__ABOUT THIS TASK__. Using the data beneath, show every line that includes the word "wall".

__PROVIDED MATERIAL__.
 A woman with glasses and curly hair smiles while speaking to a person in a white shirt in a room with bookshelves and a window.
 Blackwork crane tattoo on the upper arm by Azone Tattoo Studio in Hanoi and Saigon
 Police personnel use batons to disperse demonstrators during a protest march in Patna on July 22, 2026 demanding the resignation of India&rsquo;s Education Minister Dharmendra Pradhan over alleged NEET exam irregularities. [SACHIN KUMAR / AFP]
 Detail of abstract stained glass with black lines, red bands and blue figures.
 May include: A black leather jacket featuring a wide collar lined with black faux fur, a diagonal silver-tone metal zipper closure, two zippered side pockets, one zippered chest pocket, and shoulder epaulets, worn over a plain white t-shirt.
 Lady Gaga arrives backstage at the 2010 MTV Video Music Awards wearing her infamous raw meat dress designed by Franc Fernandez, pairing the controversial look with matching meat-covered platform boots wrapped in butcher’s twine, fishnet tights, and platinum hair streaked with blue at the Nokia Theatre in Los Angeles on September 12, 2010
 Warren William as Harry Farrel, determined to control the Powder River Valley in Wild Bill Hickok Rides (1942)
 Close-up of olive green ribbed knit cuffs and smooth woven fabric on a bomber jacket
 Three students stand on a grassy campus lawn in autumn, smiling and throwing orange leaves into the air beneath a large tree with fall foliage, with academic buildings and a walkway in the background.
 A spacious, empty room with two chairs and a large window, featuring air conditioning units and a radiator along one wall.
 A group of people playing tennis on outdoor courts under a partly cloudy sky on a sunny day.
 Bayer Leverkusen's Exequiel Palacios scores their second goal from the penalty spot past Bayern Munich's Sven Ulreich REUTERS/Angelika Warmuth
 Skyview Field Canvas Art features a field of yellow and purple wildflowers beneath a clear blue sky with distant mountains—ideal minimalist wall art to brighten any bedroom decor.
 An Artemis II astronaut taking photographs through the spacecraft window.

__SOLUTION BELOW__.
 A spacious, empty room with two chairs and a large window, featuring air conditioning units and a radiator along one wall.
 Skyview Field Canvas Art features a field of yellow and purple wildflowers beneath a clear blue sky with distant mountains—ideal minimalist wall art to brighten any bedroom decor.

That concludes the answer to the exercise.